- [Data excerpt]
<<<<

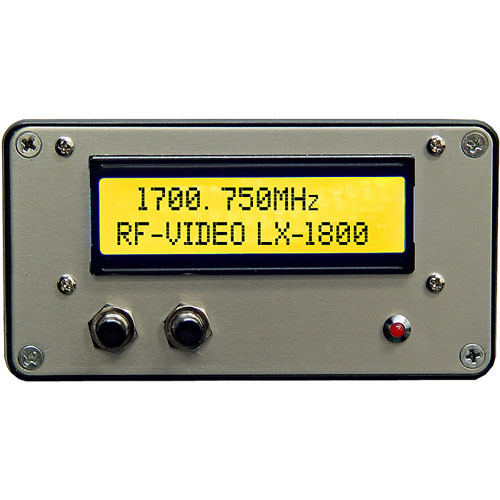RF-Links LX-1800 1600-1800 MHz Video and Audio Transmitter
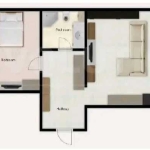 Двустаен апартамент в София, Оборище - 82 кв.м за 1991 €/кв.м - Снимка #1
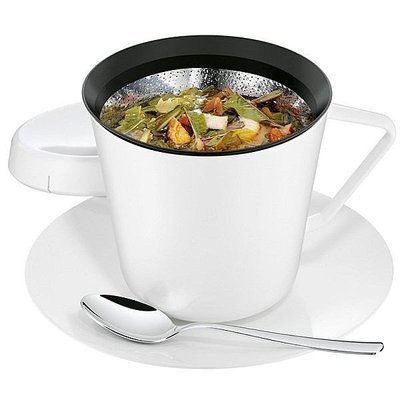 《海可烈斯餐具館》德國WMF不鏽鋼濾花茶器(放在茶杯上使用)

>>>>

Set down the line containing "Двустаен апартамент в", then every later line through the end of the material, exactly as written; omit any picture.

- [Exercise output]
 Двустаен апартамент в София, Оборище - 82 кв.м за 1991 €/кв.м - Снимка #1
 《海可烈斯餐具館》德國WMF不鏽鋼濾花茶器(放在茶杯上使用)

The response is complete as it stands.